(Captioned web image data)
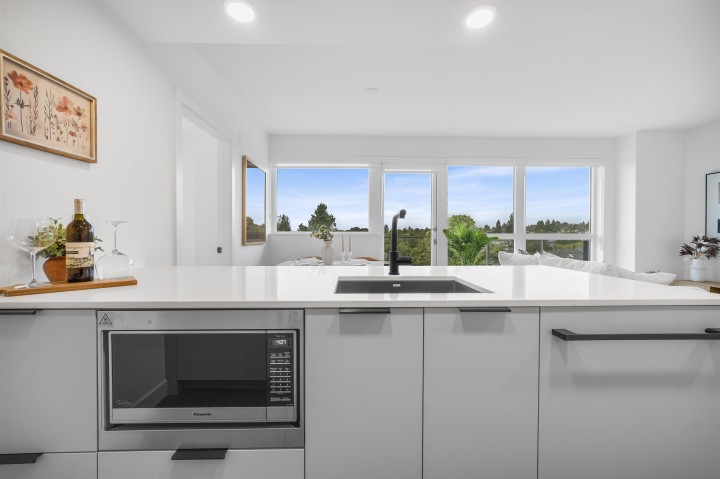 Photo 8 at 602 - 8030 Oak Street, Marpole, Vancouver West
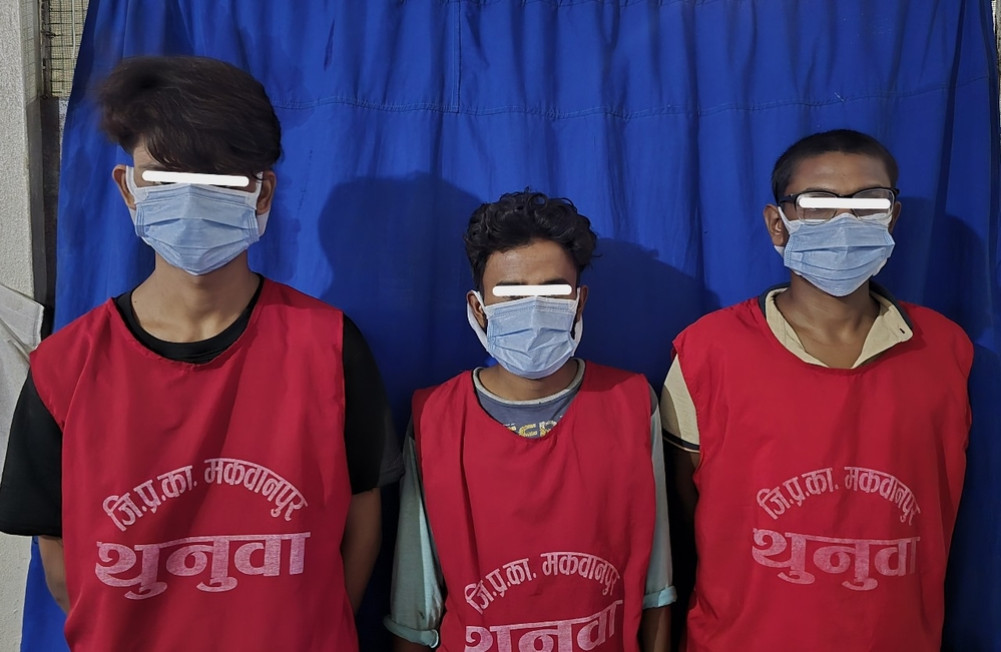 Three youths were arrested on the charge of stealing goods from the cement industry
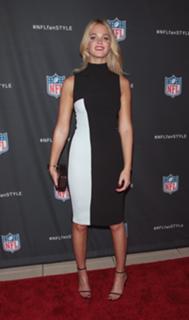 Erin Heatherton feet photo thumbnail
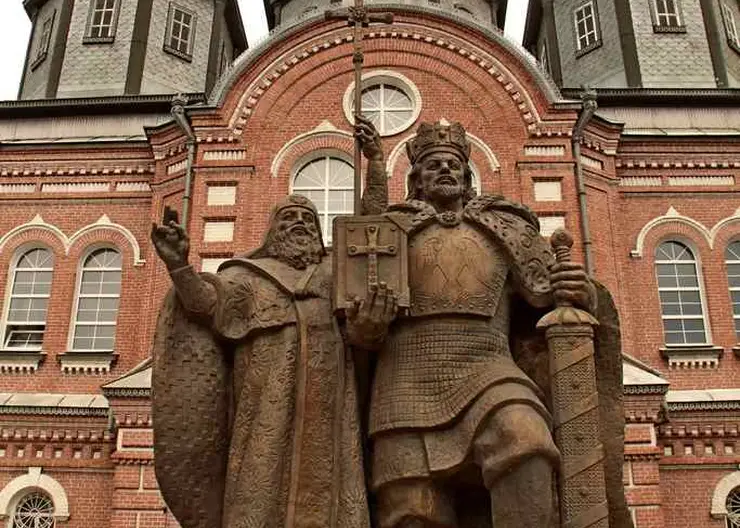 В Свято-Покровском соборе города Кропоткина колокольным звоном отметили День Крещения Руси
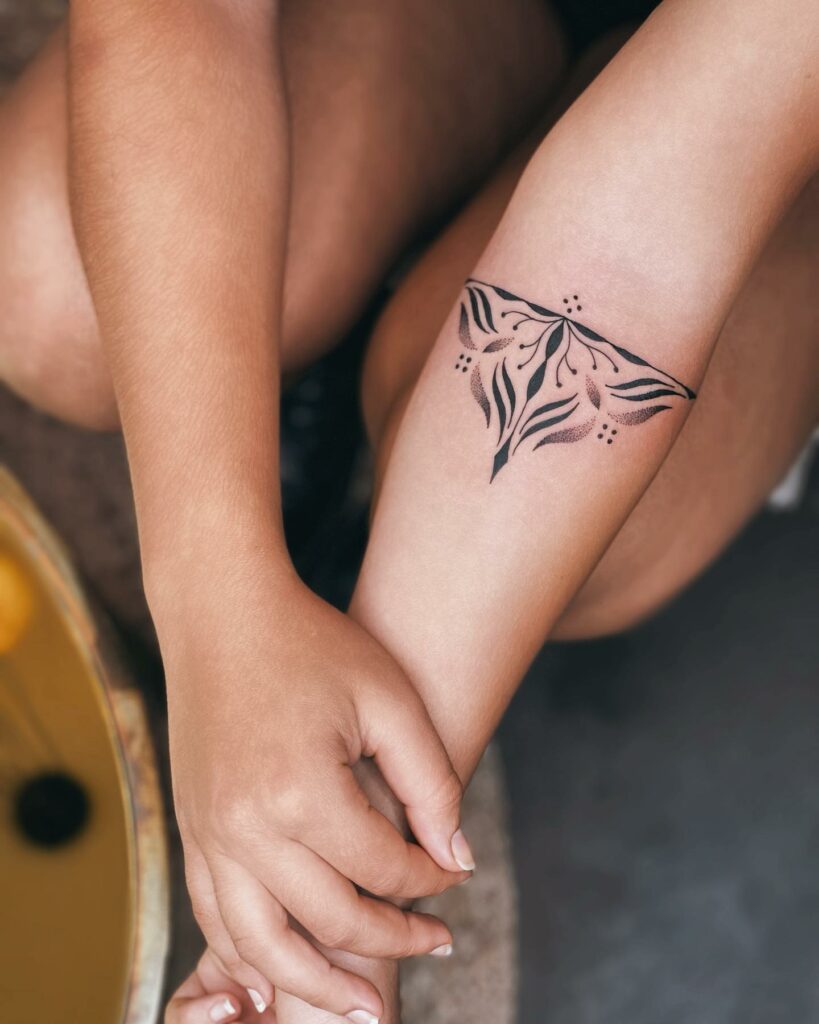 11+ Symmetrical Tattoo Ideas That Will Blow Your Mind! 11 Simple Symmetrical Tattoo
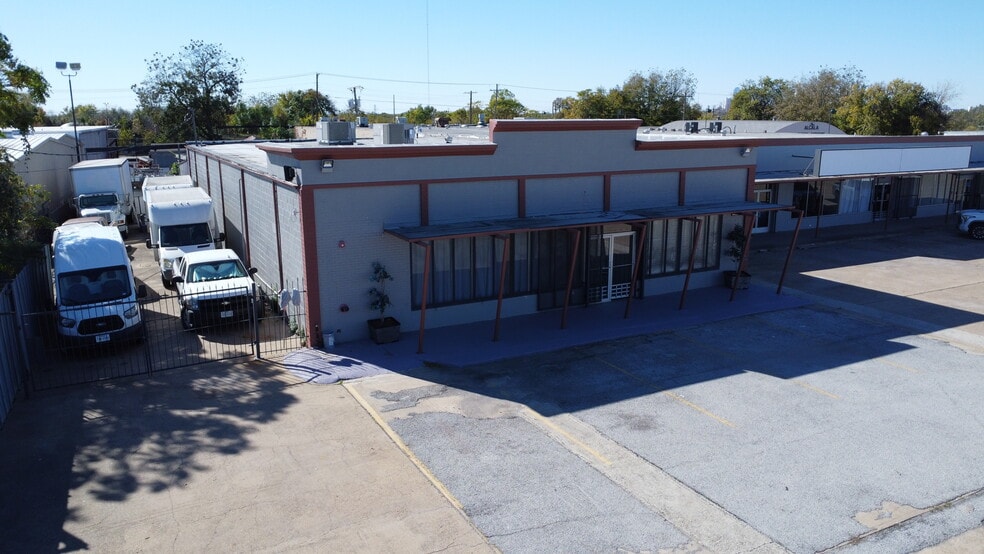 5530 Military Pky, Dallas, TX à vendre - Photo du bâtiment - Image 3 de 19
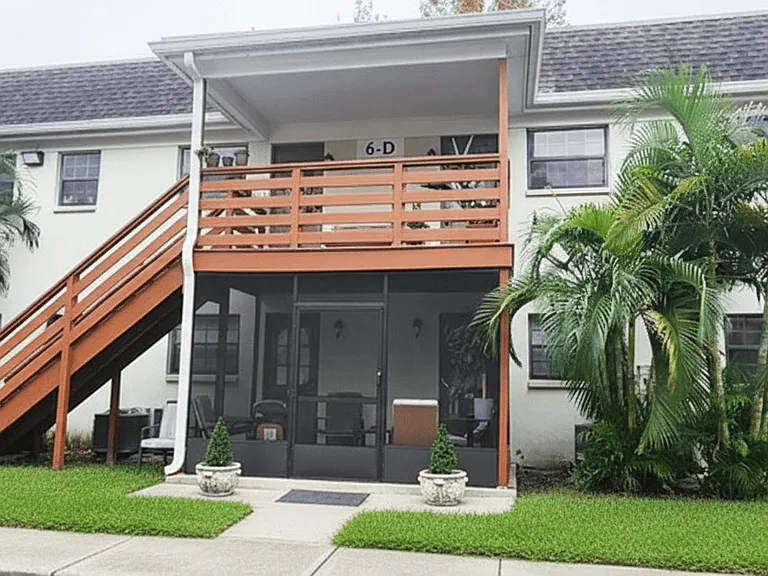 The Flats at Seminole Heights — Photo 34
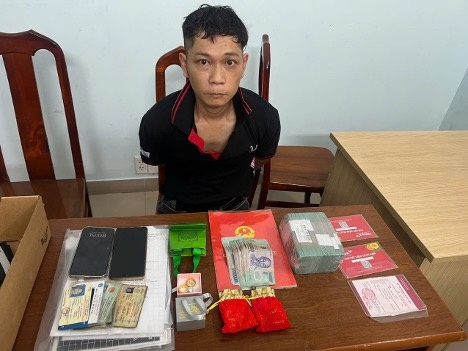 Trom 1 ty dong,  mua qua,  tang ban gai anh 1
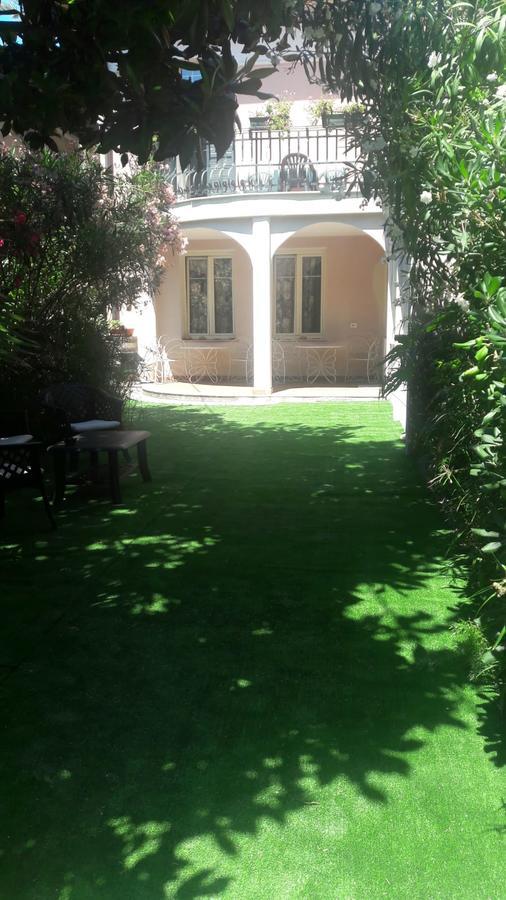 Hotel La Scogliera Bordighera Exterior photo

◆ What is expected: Within the entries above, give again exactly the lines starting at the one that contains "Three youths were" and ending at the one that contains "The Flats at Seminole Heights — Photo 34", leaving out the pictures.

◆ Solution:
 Three youths were arrested on the charge of stealing goods from the cement industry
 Erin Heatherton feet photo thumbnail
 В Свято-Покровском соборе города Кропоткина колокольным звоном отметили День Крещения Руси
 11+ Symmetrical Tattoo Ideas That Will Blow Your Mind! 11 Simple Symmetrical Tattoo
 5530 Military Pky, Dallas, TX à vendre - Photo du bâtiment - Image 3 de 19
 The Flats at Seminole Heights — Photo 34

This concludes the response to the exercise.